Nearly 90 percent of audit committees explicitly said in their 2017 proxies that the audit committee is responsible for the appointment, compensation, and oversight of the external auditor, up from 81 percent in 2016 and nearly double from 2012. More than half, or 56 percent, of audit committees explained the factors they used to assess the external auditor’s qualifications, up from 48 percent in 2016 and 17 percent in 2012.
In the area of perhaps greatest increased disclosure, three-fourths of audit committees in 2017 explain the audit committee’s role in selecting the lead audit partner, up from 69 percent in 2016 and only 1 percent in 2012. More audit committees in 2017 also explained that the audit committee is independent of management and that the audit committee considers work the auditor is doing outside the audit when considering the auditor’s independence.
In a few hot-button areas, however, audit committees are still saying little or nothing. Only one-third of audit committees in 2017 explain the committee’s role with respect to negotiating audit fees, although that’s incrementally higher than in 2016 and a gain over no such disclosure whatsoever in 2012. The study also found audit committees are increasing their disclosure around changes in audit fees, although they’re more likely to explain increased in audit fees than decreases.

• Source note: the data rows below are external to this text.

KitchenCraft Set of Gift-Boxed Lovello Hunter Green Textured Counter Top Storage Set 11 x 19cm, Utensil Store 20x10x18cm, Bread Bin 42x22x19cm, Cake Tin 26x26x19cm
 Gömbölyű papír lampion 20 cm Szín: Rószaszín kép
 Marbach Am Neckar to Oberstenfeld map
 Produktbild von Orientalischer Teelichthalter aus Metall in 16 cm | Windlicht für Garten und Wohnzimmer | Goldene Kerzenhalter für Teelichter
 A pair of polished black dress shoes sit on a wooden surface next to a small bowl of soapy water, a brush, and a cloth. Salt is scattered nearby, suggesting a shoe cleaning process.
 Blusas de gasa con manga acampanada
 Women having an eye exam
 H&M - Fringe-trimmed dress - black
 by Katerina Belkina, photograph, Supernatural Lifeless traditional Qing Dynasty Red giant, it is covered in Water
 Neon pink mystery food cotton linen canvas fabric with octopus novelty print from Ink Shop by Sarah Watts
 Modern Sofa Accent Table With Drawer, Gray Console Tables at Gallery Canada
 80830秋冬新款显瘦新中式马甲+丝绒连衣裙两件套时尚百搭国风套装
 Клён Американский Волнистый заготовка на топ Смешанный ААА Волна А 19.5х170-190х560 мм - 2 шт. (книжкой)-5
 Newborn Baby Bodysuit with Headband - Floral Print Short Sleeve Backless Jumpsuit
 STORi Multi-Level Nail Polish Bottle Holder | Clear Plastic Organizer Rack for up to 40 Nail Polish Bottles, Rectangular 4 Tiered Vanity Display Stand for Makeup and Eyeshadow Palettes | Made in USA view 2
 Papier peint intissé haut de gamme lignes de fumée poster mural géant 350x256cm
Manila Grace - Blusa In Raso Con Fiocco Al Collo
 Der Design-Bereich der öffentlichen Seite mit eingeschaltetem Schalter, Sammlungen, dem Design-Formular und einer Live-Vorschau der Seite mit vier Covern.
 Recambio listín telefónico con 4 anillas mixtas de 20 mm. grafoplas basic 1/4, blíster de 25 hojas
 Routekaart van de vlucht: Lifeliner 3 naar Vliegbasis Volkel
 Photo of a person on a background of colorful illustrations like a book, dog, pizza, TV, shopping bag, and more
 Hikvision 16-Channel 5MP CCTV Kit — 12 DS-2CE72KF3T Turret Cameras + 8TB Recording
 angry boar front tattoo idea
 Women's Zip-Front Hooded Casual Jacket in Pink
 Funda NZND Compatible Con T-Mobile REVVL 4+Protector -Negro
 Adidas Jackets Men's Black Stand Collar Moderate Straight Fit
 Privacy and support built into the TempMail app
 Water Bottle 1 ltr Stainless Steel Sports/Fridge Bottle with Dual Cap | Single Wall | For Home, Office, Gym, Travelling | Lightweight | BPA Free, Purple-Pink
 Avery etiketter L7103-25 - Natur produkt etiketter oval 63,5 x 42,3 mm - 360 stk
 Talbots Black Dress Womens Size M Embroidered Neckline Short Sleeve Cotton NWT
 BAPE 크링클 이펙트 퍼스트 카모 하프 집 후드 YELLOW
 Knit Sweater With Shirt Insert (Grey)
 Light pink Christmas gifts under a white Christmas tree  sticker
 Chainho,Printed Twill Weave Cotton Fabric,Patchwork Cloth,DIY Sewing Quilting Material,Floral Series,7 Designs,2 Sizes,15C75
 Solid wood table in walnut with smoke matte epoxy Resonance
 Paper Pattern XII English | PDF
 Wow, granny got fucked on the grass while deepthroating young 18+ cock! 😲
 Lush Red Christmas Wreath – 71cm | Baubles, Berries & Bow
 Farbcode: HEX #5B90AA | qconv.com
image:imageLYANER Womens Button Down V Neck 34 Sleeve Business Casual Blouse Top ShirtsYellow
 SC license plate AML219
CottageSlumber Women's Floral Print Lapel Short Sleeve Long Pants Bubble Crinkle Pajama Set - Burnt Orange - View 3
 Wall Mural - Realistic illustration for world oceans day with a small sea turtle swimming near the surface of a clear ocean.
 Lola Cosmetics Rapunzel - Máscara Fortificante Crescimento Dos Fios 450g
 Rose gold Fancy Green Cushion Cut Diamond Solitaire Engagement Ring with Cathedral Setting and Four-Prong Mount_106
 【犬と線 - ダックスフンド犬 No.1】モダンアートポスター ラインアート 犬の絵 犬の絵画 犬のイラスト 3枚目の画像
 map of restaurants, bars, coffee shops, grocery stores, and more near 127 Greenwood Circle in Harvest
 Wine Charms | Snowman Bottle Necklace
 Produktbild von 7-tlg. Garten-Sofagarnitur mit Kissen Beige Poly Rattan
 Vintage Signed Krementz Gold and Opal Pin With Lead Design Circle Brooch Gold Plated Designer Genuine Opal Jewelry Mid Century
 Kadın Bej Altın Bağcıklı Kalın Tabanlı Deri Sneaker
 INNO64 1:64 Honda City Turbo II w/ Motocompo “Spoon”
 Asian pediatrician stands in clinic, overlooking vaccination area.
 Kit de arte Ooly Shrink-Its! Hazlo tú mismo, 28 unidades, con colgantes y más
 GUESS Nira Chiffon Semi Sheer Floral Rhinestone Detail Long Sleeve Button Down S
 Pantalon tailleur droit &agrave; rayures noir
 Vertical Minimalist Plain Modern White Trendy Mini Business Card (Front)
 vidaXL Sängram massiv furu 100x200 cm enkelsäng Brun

Audit committees also are virtually mum on any topics they may have discussed with auditors. The EY survey finds in 2017, only 3 percent to 4 percent of companies include anything at all in the proxy about their interactions with external auditors, and that number hasn’t changed since 2012.
“Audit committees continue to enhance their overall disclosure, particularly over the appointment, compensation and oversight of external auditors,” says Stephen Klemash, Americas leader for the EY Center for Board Matters. “We view that all as extremely positive.”
The Securities and Exchange Commission has not established any significant disclosure requirements for audit committees for nearly 20 years, despite some major changes in the audit committee agenda over that time period, especially under Sarbanes-Oxley. Investors with heightened expectations of audit committees are calling for more information, says Klemash.
“Audit committees are doing a good job in their oversight of external auditors, but the investor community and other stakeholders are saying how do we know that?” says Klemash. “That’s why we’ve seen this journey of enhanced disclosure. The more disclosure that can be made, the better.”